The above scheme is applied to the Ethereum protocol. Each EOA address has its own private key and the corresponding public key is obtained via EC mapping (Note: only EOA address can initiate a tx and contract address cannot, because contract address is not calculated from public key but from nonce and EOA address). For a tx, we have msg_hash=keccak(RLP(tx's data that needs to be signed)). Since EOA account's address is created from from its public key via the formula caller_address=keccak(public_key)[-20:], we can recover the caller address once we recovered the public key.

SigTable and the Purpose of Sig Circuit

SigTable built inside zkevm-circuits is used to verify signatures. It has the following columns:

  • msg_hash_rlc: Advice Column, Random-linear combination of the Keccak256 hash of the message that's signed;
  • sig_v: Advice Column, the recovery id, it should be the parity of y;
  • sig_r_rlc: Advice Column, RLC of the signature's r component;
  • sig_s_rlc: Advice Column, RLC of the signature's s component;
  • recovered_addr: Advice Column, the recovered address, i.e. the 20-bytes address that must have signed the message;
  • is_valid: Advice Column, indicates whether or not the signature is valid or not upon signature verification.

The Sig Circuit aims at proving the correctness of SigTable. This mainly includes the following type of constraints:

  • checking that the signature is obtained correctly. This is done by the ECDSA chip, and the correctness of v is checked separately;
  • checking that msg_hash is obtained correctly from Keccak hash function. This is done by lookup to Keccak table from rlc_column with q_keccak=1;
  • checking that all RLCs are obtained correctly. The RLC values (such as msg_hash_rlc etc.) will be stored in an advice column rlc_column. The correctness of RLCs will be checked by an RLC chip;
  • checking that the overflowing CRT integer is decomposed correctly with 3 limbs, of sizes 88, 88, and 80 (in bits). This is applied to msg_hash and public key's EC coordinates.

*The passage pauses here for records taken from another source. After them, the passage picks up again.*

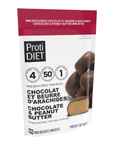 ProtiDiet | Mini Bouchées | Chocolat et Beurre d’Arachides - 53 Karat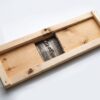 Traditionell Kålsvarv & Grönsaksskärare i Trä (44 x 14 cm) – Rustik Mandolin i Trä för Kål & Rotfrukter - Bild 4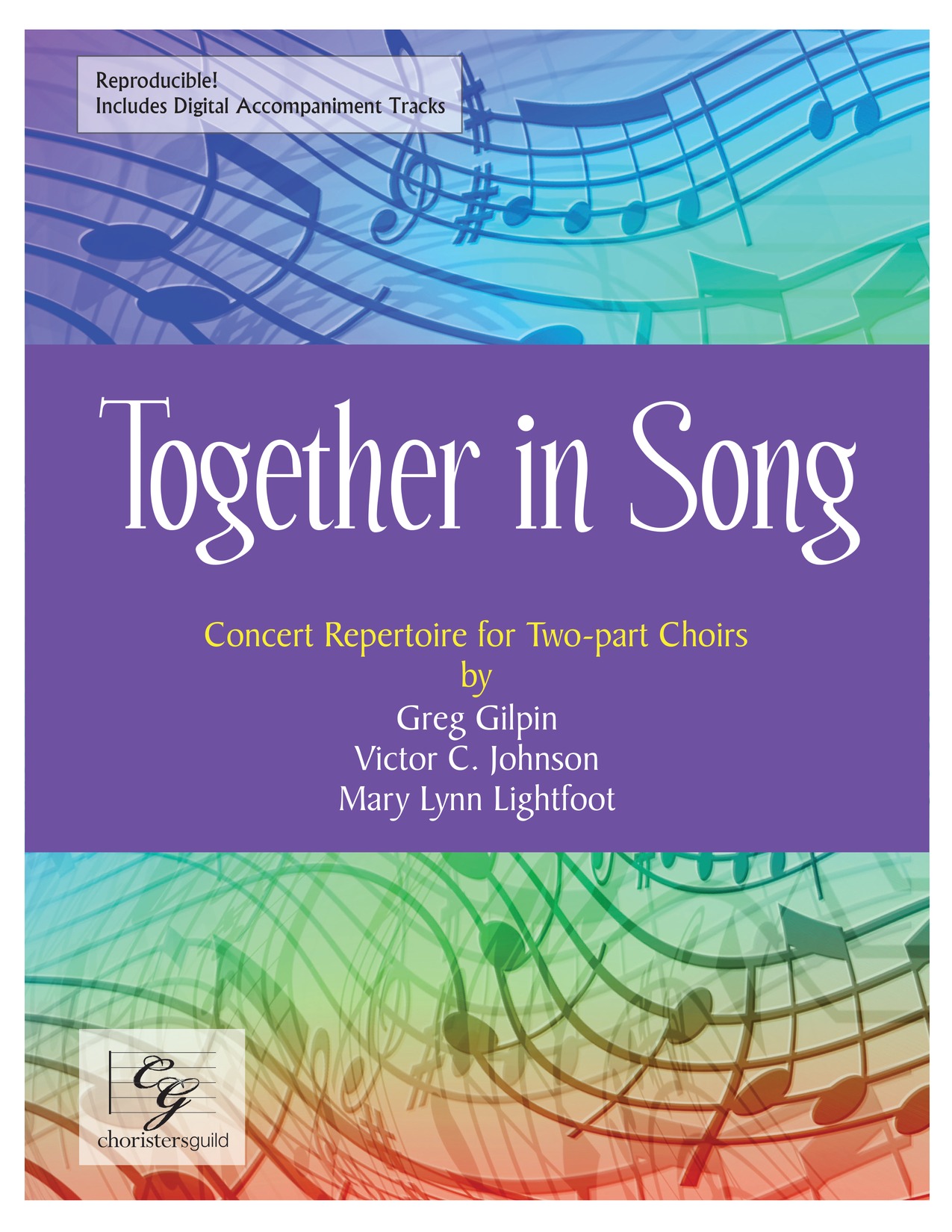 Together In Song (Reproducible) - Two-part
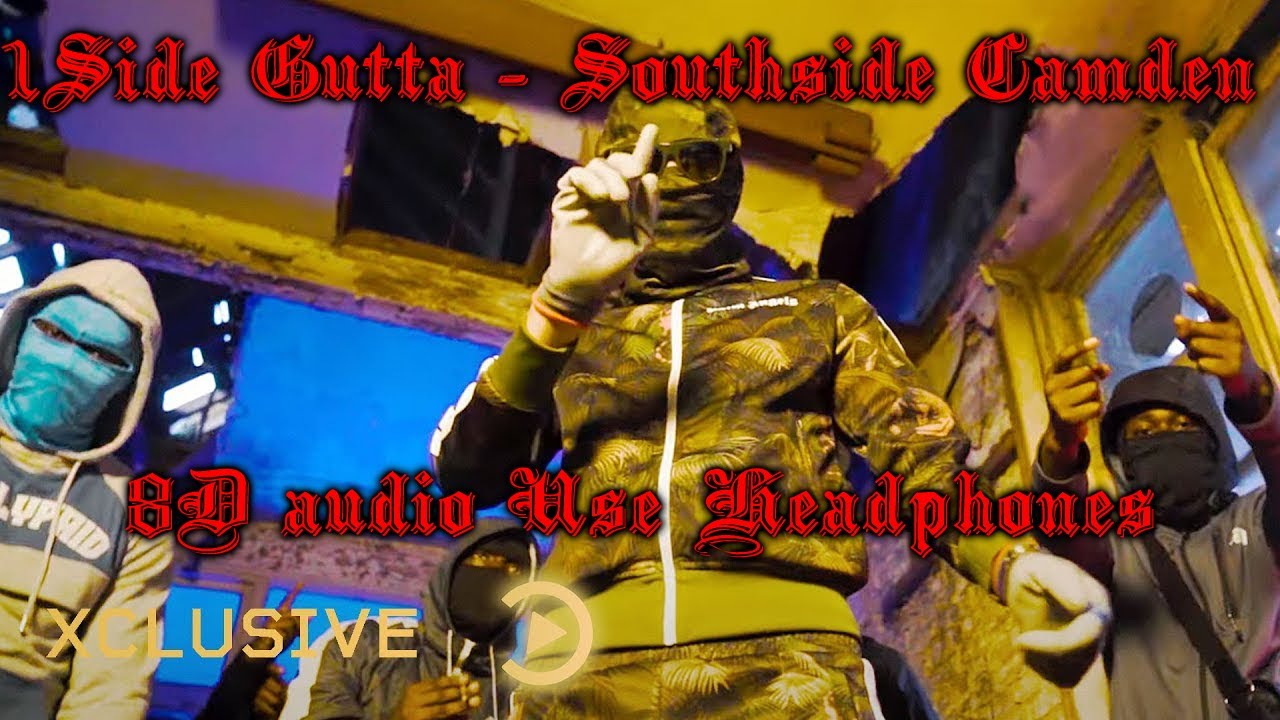 #1Side Gutta - Southside Camden (Music Video) 8D 🎧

Architecture, Design and Constraints

assign_ecdsa method takes the signature data and uses ECDSA chip to verify its correctness. The verification result sig_is_valid will be returned. The recovery id v value will be computed and verified.

sign_data_decomposition method takes the signature data and the return values of assign_ecdsa, and returns the cells for byte decomposition of the keys and messages in the form of SignDataDecomposed. The latter consists of the following contents:

  • SignDataDecomposed
    • pk_hash_cells: byte cells for keccak256 hash of public key;
    • msg_hash_cells: byte cells for msg_hash;
    • pk_cells: byte cells for the EC coordinates of public key;
    • address: RLC of pk_hash last 20 bytes;
    • is_address_zero: check if address is zero;
    • r_cells, s_cells: byte cells for signatures r and s.

During the process of sign data decomposition, checks of CRT integer decomposition into limbs of size [88,88,80] are done for msg_hash and public key's EC coordinates.

The decomposed sign data are sent to assign_sign_verify method to compute and verify their RLC values and perform Keccak lookup checks.